(Recorded data)
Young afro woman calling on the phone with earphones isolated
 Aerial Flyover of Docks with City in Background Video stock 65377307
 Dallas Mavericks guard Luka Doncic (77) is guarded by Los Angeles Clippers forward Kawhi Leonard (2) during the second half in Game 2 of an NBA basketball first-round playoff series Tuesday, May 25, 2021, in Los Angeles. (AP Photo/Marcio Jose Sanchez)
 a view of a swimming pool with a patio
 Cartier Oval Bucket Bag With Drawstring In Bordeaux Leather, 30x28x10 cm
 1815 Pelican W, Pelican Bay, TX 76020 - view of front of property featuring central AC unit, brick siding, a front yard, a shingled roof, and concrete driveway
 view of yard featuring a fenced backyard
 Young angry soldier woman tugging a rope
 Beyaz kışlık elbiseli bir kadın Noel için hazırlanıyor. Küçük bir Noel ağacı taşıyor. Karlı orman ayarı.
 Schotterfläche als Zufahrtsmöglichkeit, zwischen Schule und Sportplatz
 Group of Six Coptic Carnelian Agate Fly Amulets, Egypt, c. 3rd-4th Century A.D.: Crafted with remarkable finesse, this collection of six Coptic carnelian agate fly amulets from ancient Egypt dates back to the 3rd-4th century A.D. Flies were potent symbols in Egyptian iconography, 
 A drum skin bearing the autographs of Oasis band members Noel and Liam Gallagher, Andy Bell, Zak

REQUIRED WORK:
Nothing but the exact lines of the data above, from the line containing "Group of Six" through the last, should appear in the answer.

RESULT FOR THIS TASK:
 Group of Six Coptic Carnelian Agate Fly Amulets, Egypt, c. 3rd-4th Century A.D.: Crafted with remarkable finesse, this collection of six Coptic carnelian agate fly amulets from ancient Egypt dates back to the 3rd-4th century A.D. Flies were potent symbols in Egyptian iconography, 
 A drum skin bearing the autographs of Oasis band members Noel and Liam Gallagher, Andy Bell, Zak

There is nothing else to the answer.